Measuring What Matters
As carbon tracking becomes the lingua franca of the business and sustainability intersection, sophisticated metrics that track a company's environmental performance become increasingly important. Innovest's Carbon Beta™ is just one example of how Wall Street is beginning to correlate environmental risk and financial risk with computer models that carefully analyze and juxtapose data from both realms. Natural Logic's Business Metabolics™ dashboard systems streamline the task of tracking sustainability performance, and turn the static, "rear-view" mirror process of CSR (corporate social responsibility) reporting into an interactive management tool. By providing a real-time view of sustainability trends and productivity ratios and making it easy to compare performance between facilities and between companies, these new systems help businesses make smarter decisions and deliver lower footprints and higher profits.
The Real-time Economy and Real-time Regulation
Behind all these innovations is the potential for a real-time economy. Making it easier and more profitable to make every material object built to order can help make every product a wanted product-complete with customized features and aesthetics-and minimize the amount of unwanted "stuff" that finds its way to the waste stream.
Companies as diverse as GE, Wal-Mart, Virgin Group, Toyota, JetBlue, Dell, Progressive Insurance, and Amazon are demonstrating the power of the "Real-Time Enterprise": an enterprise that's instantly responsive, rapidly adaptable, and constantly evolving to changing markets. Electrical utilities are experimenting with real-time pricing to more effectively manage energy demand.

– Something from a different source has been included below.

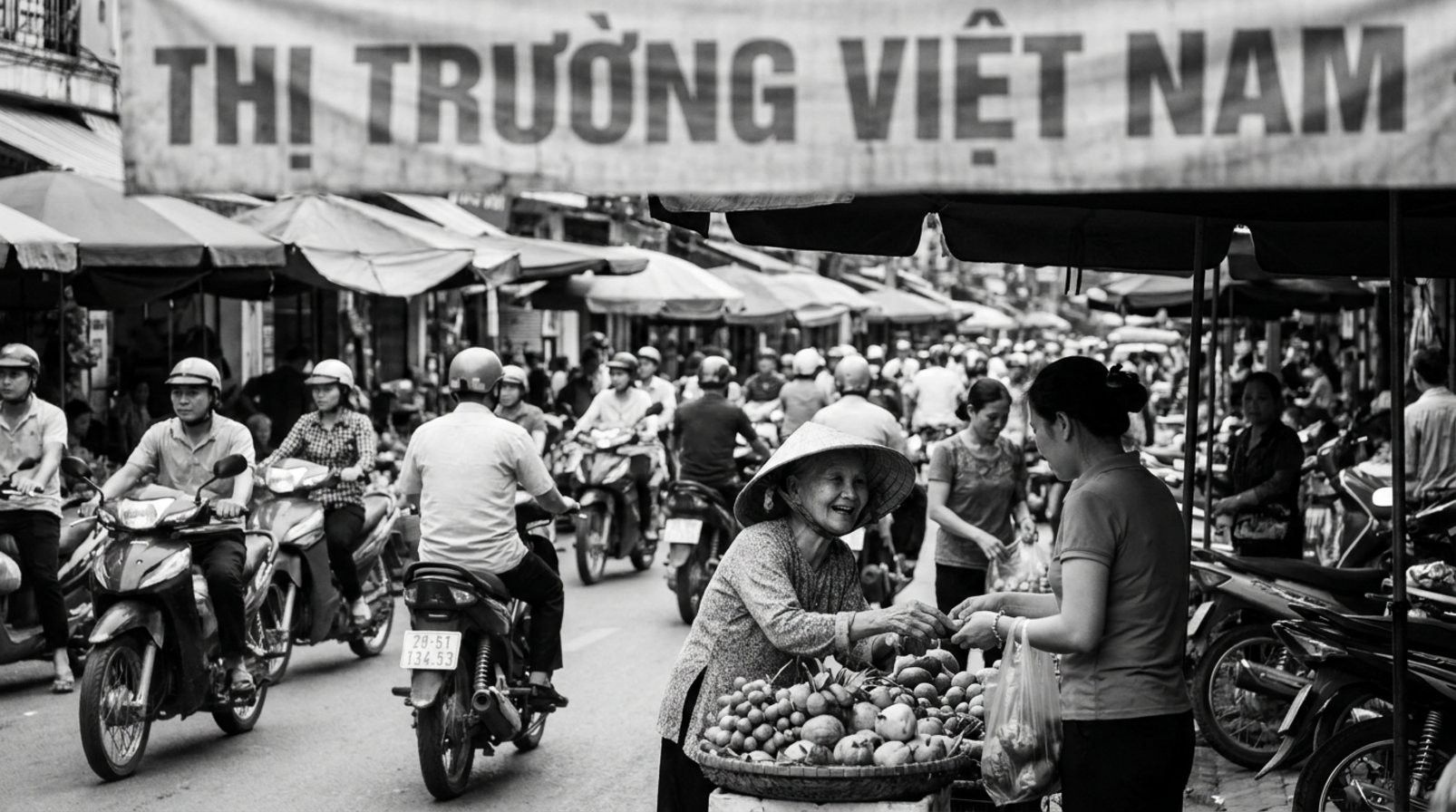Góc nhìn cho thị trường Việt Nam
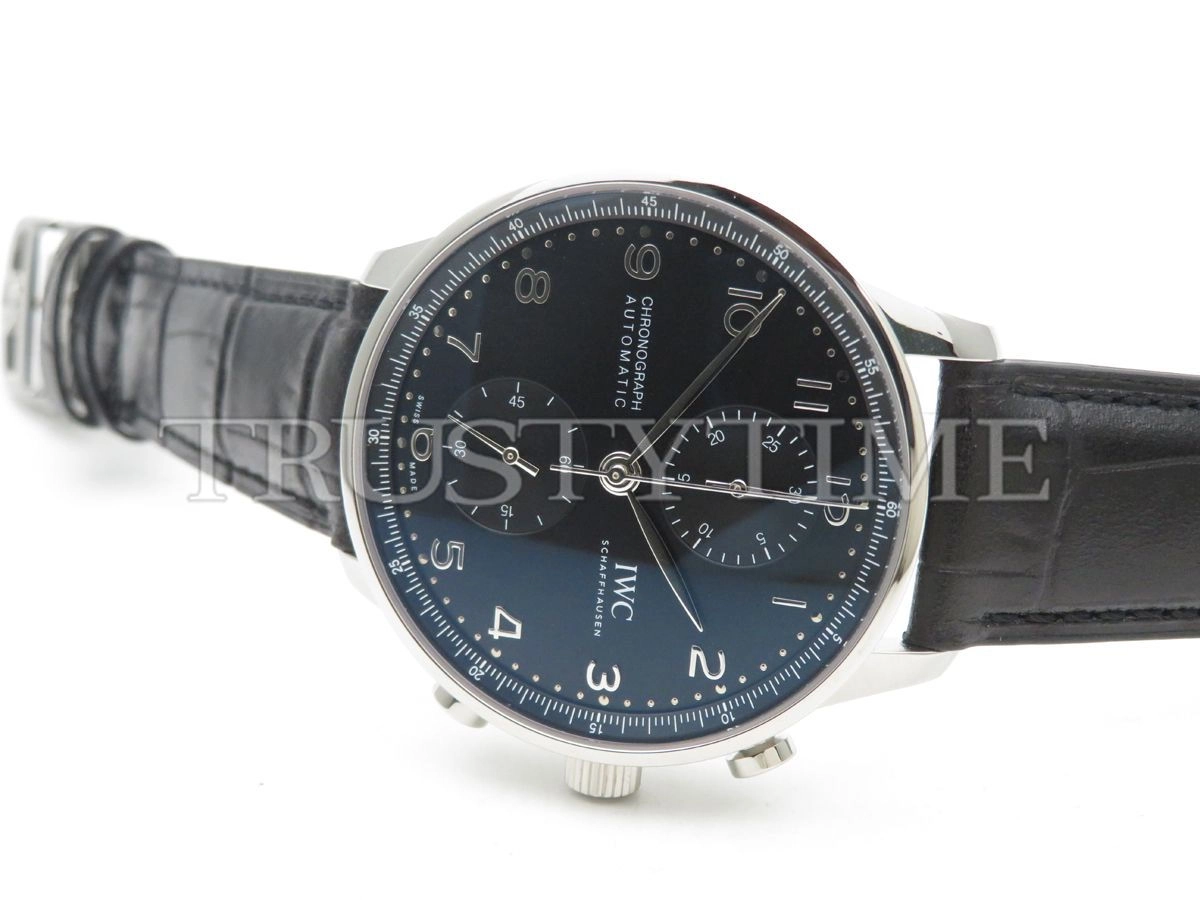 Копия часов IWC Portugieser Chronograph 41mm IW371609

The more informed we are about the impact of our choices, the better the decisions we make for ourselves, our businesses, and the people around us. For individuals, sustainable IT means clearly seeing one's own consumption and one's relationship to others. For businesses, sustainable IT means becoming aware of risks and opportunities previously hidden from view. For all of us, well-aimed IT is key to realizing these possibilities.
Even the world of regulation is ripe for the real-time breakthrough, with available and emerging technologies that include:
inexpensive sensors to monitor waste-water flows in real time
remote laser sensing to track smokestack emissions
molecular tagging to tie specific pollutants to their sources
RFID tags to support chain-of-custody management
wireless networks to feed data in real-time to secure servers
internal and external dashboards to enable managers, regulators, and interested stakeholders to track trends and compare performance
open information standards and tagging systems to enable researchers to analyze and add value to raw data streams
Potential payoffs include:
reduced costs for regulated companies and regulatory agencies thanks to reduced paperwork and labor
more accurate data available with less lag time from event to analysis
more readily analyzable data, enabling managers and regulators to watch trends and catch exceedances quickly and often automatically
performance benchmarking that can drive continuous improvement from the ground up, since the very existence of better performance is proof that it is possible
Gil Friend is president and CEO of Natural Logic, a leading sustainability consulting firm. Benjamin Privitt, operations manager at Natural Logic, also contributed to this article.